あなたの会社の所轄の公庫の支店に電話をし、「経営状況のご報告と今後の返済計画についてご相談があります」と正直にアポイントを取ってください。

STEP 2:【最強の武器の準備】「経営改善計画書」

手ぶらで相談に行ってはいけません。「苦しいです。助けてください」という感情論(お願い)だけでは、担当者は交渉のテーブルにさえついてはくれません。

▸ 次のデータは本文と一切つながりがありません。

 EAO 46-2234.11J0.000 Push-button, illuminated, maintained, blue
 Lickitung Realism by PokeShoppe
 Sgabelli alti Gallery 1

あなたが必ず持参すべき唯一の、そして最強の「武器」。それが「経営改善計画書」です。

リスケ交渉の「武器」=経営改善計画書の3要素

要素 内容(=金融機関へのメッセージ)
1. 原因分析 (Why) なぜ経営が悪化したのか(客観的な分析)
→「他責でなく、現実を直視している」
2. 改善策 (How) リスケ期間中に何を実行するか(具体的な行動計画)
→「役員報酬カットなど、身を切る覚悟がある」
3. 数値計画 (When) 新しい資金繰り表。いつ黒字化できるか(再生の道筋)
→「感情論ではなく、数字で未来を語れる」
  1. 【原因分析】なぜ経営が悪化したのか
    (例:「創業計画に比べ、コロナ禍の影響で新規の顧客獲得が計画の60%に留まったため」など、客観的な原因分析)
  2. 【具体的な改善策】リスケジュール期間中に何を実行するのか
    (例:「不採算の〇〇事業から撤退し、利益率の高い△△事業に経営資源を集中する」「役員報酬を〇%カットし、固定費を月額〇〇万円削減する」など、具体的で実行可能な行動計画)
  3. 【数値計画】その結果、いつ黒字化できるのか
    (例:上記の改善策を実行した結果を反映した新しい「資金繰り表」と「収支計画書」。それにより、「半年後には単月黒字化を達成し、1年後からは返済を再開できる」という未来への具体的な道筋を数字で示す)

プロの視点:
この金融機関を納得させられるレベルの客観的で論理的な「経営改善計画書」を、経営者が一人で作成するのは至難の業です。私たち税理士は、まさにこのあなたの会社の財務状況を分析し、再生への具体的な数値計画を策定するプロフェッショナルです。この最も困難な局面でこそ、私たち専門家の力が必要とされるのです。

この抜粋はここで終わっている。